_Task_.
Please set down exactly the lines from the one containing "Regionalentwicklung und Gesundheitstourismus: Komponenten" through the last line of the records below, both included, with no pictures.

[Source records]
━━━━━━

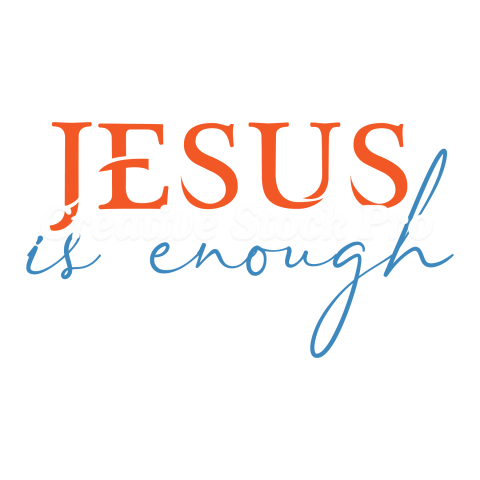 Jesus Is Enough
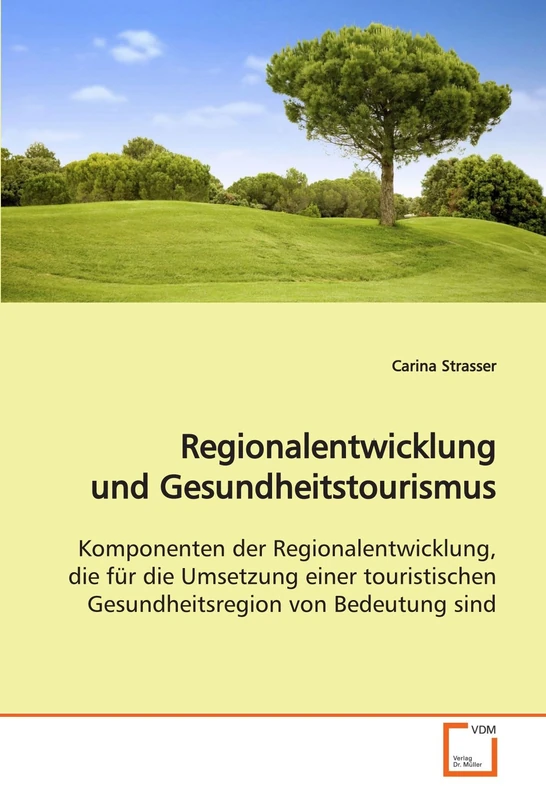 Regionalentwicklung und Gesundheitstourismus: Komponenten der Regionalentwicklung, die für die Umsetzung einer touristischen Gesundheitsregion von Bedeutung sind - Image 1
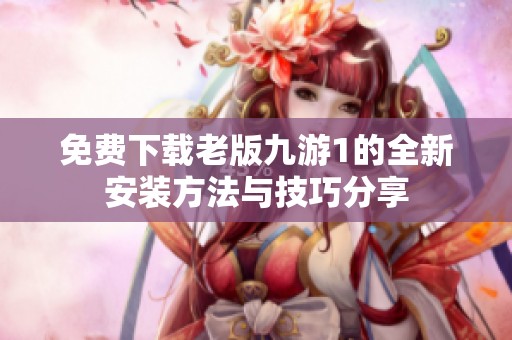 免费下载老版九游1的全新安装方法与技巧分享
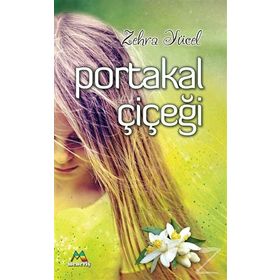 Portakal Çiçeği - Zehra Yücel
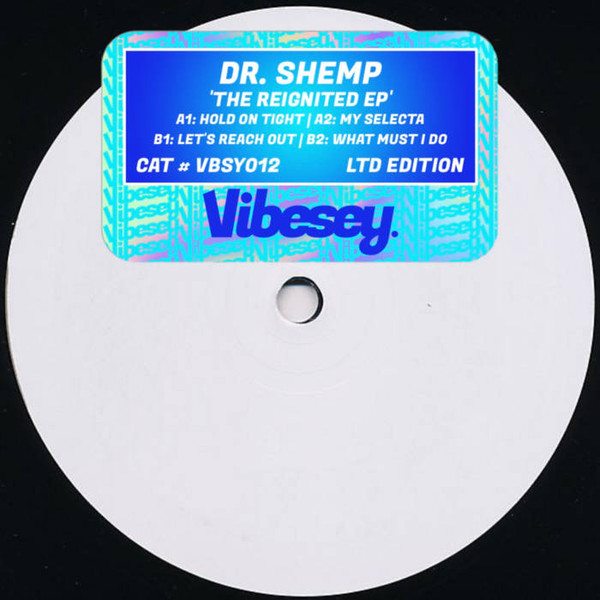 Dr. Shemp - The Reignited EP | Vibesey Records (VBSY012) - main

━━━━━━

_Answer area_.
 Regionalentwicklung und Gesundheitstourismus: Komponenten der Regionalentwicklung, die für die Umsetzung einer touristischen Gesundheitsregion von Bedeutung sind - Image 1
 免费下载老版九游1的全新安装方法与技巧分享
 Portakal Çiçeği - Zehra Yücel
 Dr. Shemp - The Reignited EP | Vibesey Records (VBSY012) - main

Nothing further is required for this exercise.